Among them, further, carbobetaine-type ampholytic surfactants are
more preferable.
[0037] The amide group-containing guanidine derivative represented
by the general formula (1) or/and a salt thereof (component A)
contained in the liquid composition of the invention can generally
be within a range of for example 0.001 to 5.0% by weight,
preferably 0.01 to 2.0% by weight, more preferably 0.05 to 1.0% by
weight of the total weight of the liquid composition.
[0038] The inorganic salt, organic acid salt, nonionic surfactant
or ampholytic surfactant (component B) as a
precipitation-suppressing agent can be blended at any amount within
a range with no deterioration of the advantages of the invention,
with no other specific limitation. Generally, the
precipitation-suppressing agent can be used within a range of for
example 0.01 to 10.0% by weight, preferably 0.1 to 5.0% by weight,
more preferably 0.2 to 2.0% by weight of the total weight of the
liquid composition. It is needless to say that two or more of the
inorganic salt, organic acid salt, nonionic surfactant and
ampholytic surfactant can be used in combination as component B. In
case of such use in combination, the total amount thereof can be
within the range described above.
[0039] Additionally, the blend ratio of the components A and B can
be appropriately determined readily, depending on the intended
product (liquid composition). Generally, the components A and B are
used within a range of the component A/component B (in weight
ratio)=1/0.5 to 1/20. When the blend ratio is more than 1/0.5, the
effect on suppressing precipitation is insufficient.
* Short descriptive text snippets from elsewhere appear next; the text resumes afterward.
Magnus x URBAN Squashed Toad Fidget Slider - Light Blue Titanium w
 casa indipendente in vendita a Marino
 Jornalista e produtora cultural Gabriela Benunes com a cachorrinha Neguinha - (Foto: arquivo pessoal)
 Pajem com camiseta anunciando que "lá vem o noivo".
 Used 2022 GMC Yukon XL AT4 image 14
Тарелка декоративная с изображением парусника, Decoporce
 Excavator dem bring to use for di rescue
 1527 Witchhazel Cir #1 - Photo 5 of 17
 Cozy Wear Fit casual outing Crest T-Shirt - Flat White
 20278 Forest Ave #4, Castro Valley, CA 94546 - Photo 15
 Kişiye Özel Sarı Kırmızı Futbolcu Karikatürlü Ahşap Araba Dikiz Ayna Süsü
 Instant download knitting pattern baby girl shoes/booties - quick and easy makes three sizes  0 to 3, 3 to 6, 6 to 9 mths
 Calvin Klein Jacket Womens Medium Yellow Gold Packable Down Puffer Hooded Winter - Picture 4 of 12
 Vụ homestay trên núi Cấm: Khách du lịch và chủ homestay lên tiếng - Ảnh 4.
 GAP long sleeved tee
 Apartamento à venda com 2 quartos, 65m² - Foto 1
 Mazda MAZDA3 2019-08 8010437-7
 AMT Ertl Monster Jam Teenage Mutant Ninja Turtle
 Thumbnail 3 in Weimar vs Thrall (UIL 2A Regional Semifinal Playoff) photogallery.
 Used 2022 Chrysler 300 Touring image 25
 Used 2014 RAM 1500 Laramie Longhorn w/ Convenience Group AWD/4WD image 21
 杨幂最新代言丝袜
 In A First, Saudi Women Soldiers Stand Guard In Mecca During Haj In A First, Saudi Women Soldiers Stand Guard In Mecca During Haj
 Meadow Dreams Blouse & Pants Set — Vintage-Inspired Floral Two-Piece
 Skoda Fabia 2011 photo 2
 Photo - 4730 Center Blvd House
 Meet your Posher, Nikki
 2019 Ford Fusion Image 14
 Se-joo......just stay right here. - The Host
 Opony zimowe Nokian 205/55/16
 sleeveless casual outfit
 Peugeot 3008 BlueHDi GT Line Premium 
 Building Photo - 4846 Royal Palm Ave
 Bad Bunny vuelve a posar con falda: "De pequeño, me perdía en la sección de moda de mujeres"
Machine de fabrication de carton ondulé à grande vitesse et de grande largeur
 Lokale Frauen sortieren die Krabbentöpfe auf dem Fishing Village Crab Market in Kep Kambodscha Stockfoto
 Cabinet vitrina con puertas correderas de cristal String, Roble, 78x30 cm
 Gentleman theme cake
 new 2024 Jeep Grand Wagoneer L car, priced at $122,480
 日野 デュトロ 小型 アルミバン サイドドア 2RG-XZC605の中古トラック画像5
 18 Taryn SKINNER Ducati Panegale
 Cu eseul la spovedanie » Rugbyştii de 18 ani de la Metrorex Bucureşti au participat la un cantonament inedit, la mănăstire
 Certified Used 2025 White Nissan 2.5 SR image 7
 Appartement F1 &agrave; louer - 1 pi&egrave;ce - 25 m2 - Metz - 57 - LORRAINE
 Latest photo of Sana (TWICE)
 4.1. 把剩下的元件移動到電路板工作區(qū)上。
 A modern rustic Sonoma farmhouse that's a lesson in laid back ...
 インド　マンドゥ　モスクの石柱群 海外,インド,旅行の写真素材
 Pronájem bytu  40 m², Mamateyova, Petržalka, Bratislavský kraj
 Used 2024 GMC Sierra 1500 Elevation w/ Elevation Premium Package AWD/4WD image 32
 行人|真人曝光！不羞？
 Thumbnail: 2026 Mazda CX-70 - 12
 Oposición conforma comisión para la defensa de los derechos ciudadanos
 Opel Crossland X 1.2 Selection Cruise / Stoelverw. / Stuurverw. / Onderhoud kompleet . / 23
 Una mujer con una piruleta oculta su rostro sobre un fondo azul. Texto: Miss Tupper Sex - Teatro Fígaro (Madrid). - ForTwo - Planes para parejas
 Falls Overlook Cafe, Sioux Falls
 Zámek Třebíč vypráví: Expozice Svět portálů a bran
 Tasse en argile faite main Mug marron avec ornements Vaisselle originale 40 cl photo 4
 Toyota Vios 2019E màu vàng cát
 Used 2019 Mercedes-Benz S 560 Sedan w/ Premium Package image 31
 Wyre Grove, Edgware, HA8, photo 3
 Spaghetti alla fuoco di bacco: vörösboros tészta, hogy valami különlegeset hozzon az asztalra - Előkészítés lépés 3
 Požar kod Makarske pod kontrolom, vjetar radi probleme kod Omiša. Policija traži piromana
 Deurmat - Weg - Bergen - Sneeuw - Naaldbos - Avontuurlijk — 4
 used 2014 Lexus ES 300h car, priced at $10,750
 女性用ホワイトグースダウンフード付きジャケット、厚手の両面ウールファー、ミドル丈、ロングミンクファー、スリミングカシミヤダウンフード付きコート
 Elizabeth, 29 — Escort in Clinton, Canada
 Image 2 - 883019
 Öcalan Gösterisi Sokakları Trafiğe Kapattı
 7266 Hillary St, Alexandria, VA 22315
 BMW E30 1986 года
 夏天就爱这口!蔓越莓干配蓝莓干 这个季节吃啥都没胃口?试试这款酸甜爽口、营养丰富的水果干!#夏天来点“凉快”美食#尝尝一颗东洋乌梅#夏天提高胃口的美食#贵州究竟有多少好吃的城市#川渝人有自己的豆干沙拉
When the blend
ratio is less than 1/20, the resulting precipitation-suppressing
agent at an amount more than necessary works as impurities to
reduce the product value. Additionally, the
precipitation-suppressing agent may sometimes separate the
component A in oily matter. From the standpoint of retaining the
sustainable effect on suppressing precipitation, preferably, the
component A/component B (in weight ratio)=1/1 to 1/10. More
preferably, the component A/component B (in weight ratio)=1/2 to
1/5.
[0040] As optional components, various additives for general use
can be added within a range without any deterioration of the
advantages of the invention, to the liquid composition of the
invention. Examples thereof include surfactants, emollients,
silicone compounds, polymer substances (polymer compounds),
alcohols, ultraviolet absorbents, dyes, pigments, vitamin,
antioxidants, metal ion sealing agents, preservatives,
bactericides, pH adjusters, pearling agents, nucleic acid, enzymes,
and raw materials such as naturally-occurring extracts according to
the Raw Material Standards for Cosmetics, the Blend Components
Standards for Individual Cosmetic Types, the Raw Material Standards
for Pharmaceutical Products, the Japanese Pharmacopoeia, and the
Official Food Additives Standards.
[0041] The liquid composition of the invention can be produced by
general methods in this art, such as a process of dissolving the
amide group-containing guanidine derivative represented by the
general formula (1) or/and a salt thereof (component A) and at
least one of the precipitation-suppressing agents such as the
inorganic salt, the organic acid salt, the nonionic surfactant and
the ampholytic surfactant (component B) in water. The liquid
composition of the invention can be applied to a wide variety of
products such as pharmaceutical fluids for impregnating supporting
base materials, external agents for skin, cosmetic lotions,
mouthwash agents, lotions, bathing agents, and deodorants.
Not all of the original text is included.